For many people, when they hear "mercury," they immediately think of the old-fashioned thermometers that you had to be careful not to break. But modern production of electronics and industrial chemicals rely on the metal, making it just as, if not more, valuable today than it was decades ago. Yes, it is still used in thermometers, but it is also instrumental in manufacturing certain types of batteries, fluorescent light bulbs, and ingredients needed to produce several vaccines. The average price of mercury has decreased over the last decade, although in 2018, a flask of mercury in the European Union was valued at about $1,100 USD.
Even though mercury is incredibly useful, it is best known for being dangerous and toxic. While it is possible to come into contact with it when products break, it is much more likely to be ingested through seafood. With growing awareness of the dangers of ingesting toxins, more people in the US seek to avoid mercury. Between 2010 and 2021, the volume of mercury imported by the US for consumption dropped from 294 metric tons to just 2 metric tons.

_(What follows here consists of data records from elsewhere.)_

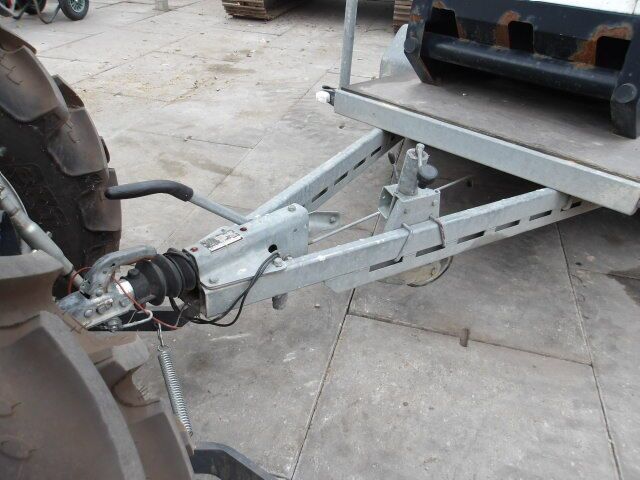 SDMO R33 leasing SDMO R33: picture 13 SDMO R33 leasing SDMO R33: picture 13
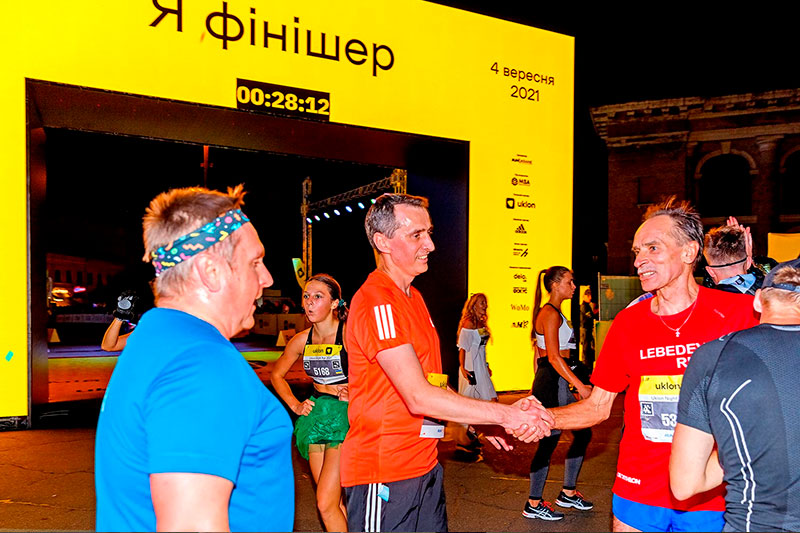 Как прошел Uklon Night Run: Министр здравоохранения пробежал марафон вместе с Харли Квинн и Мавкой (фото)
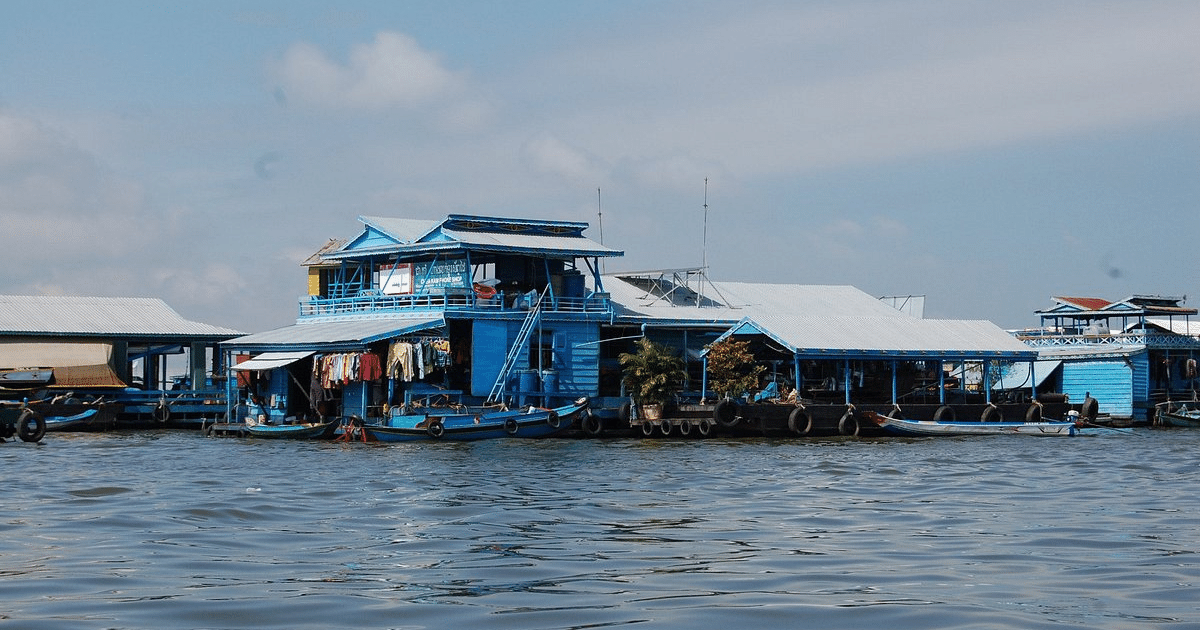 Nestled in the heart of Pursat province in Cambodia, Kampong Luong Floating Village is a hidden gem that offers a unique and unforgettable experience. This charming village is located on the beautiful Tonle Sap Lake, the largest freshwater lake in Southeast Asia.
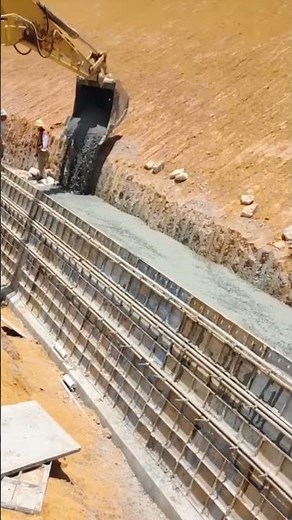 Pouring process of concrete retaining wall
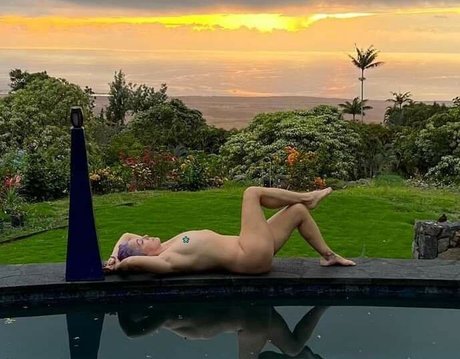 Jane Wiedlin hd star photos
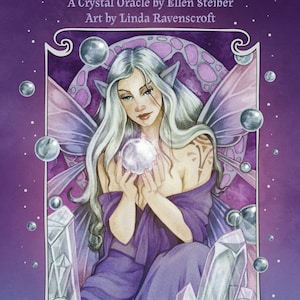 Könnte beinhalten: Ein lila und silbernes Orakelkarten- und Handbuch-Set mit einer Fee, die eine Kristallkugel hält. Der Titel "Fairy Gems" ist auf der Vorderseite der Schachtel aufgedruckt. Der Text "A Crystal Oracle by Ellen Steiber Art by Linda Ravenscroft" ist unter dem Titel aufgedruckt. Der Text "Deck & Book Set" ist unten auf der Schachtel aufgedruckt.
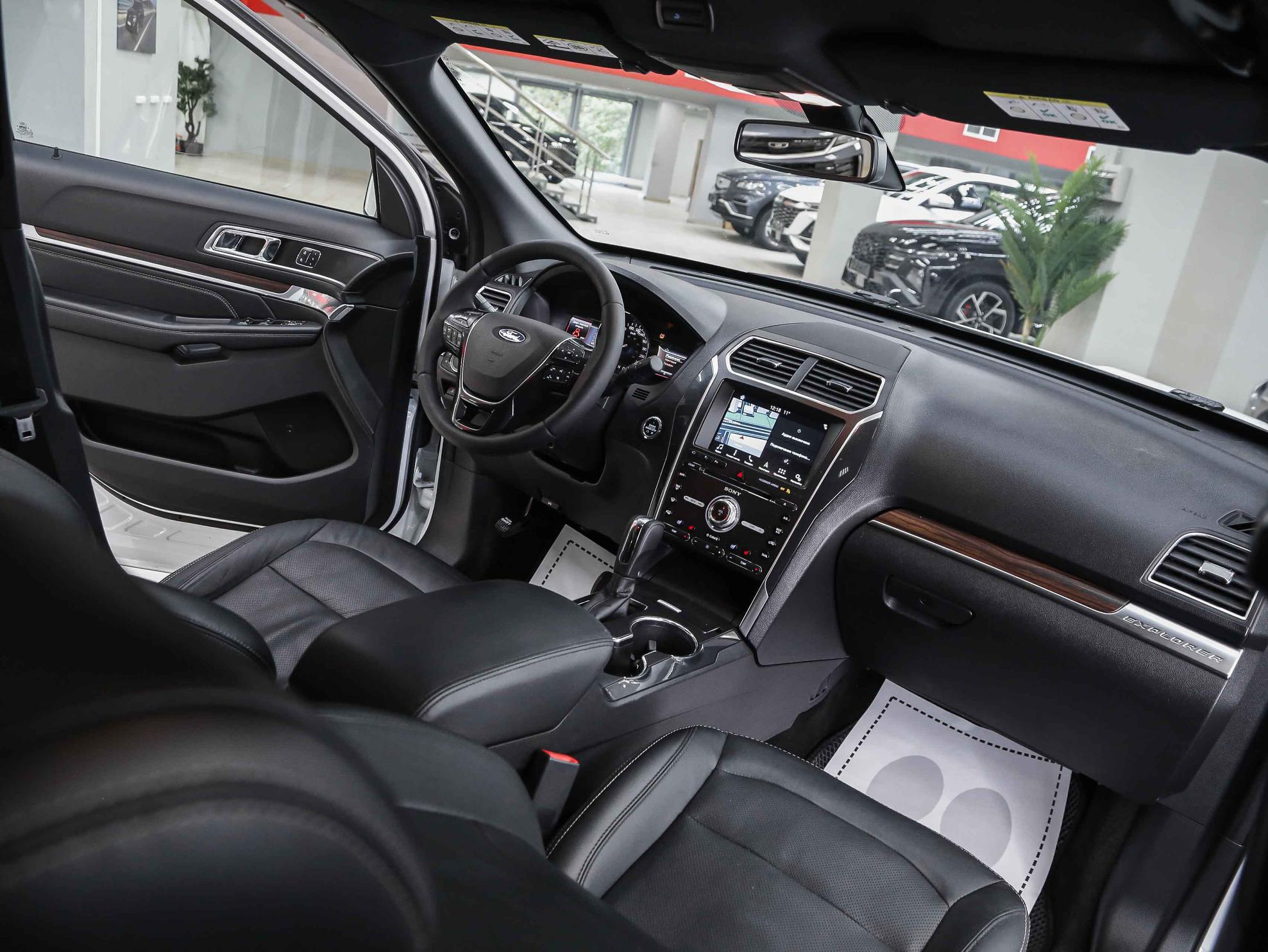 Ford Explorer 2017, белый, ДЦ Орехово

China is the top producer of mercury. In 2022, its mines produced 2,000 metric tons of mercury. As China is known for their manufacturing, it makes sense that they would also work to produce the raw materials needed, since limiting the shipping of raw materials will ultimately lower the cost of production and increase profits. Mining coal, metal, and minerals is incredibly profitable for China. It has over 1500 mining operations, and this industry is incredibly important to the country's economy. Still, it is shocking to see how much more mercury China mines compared to the rest of the world. The second-largest producer, Tajikistan, only produced about 120 metric tons of mercury. That is equal to 6% of the volume mined by China.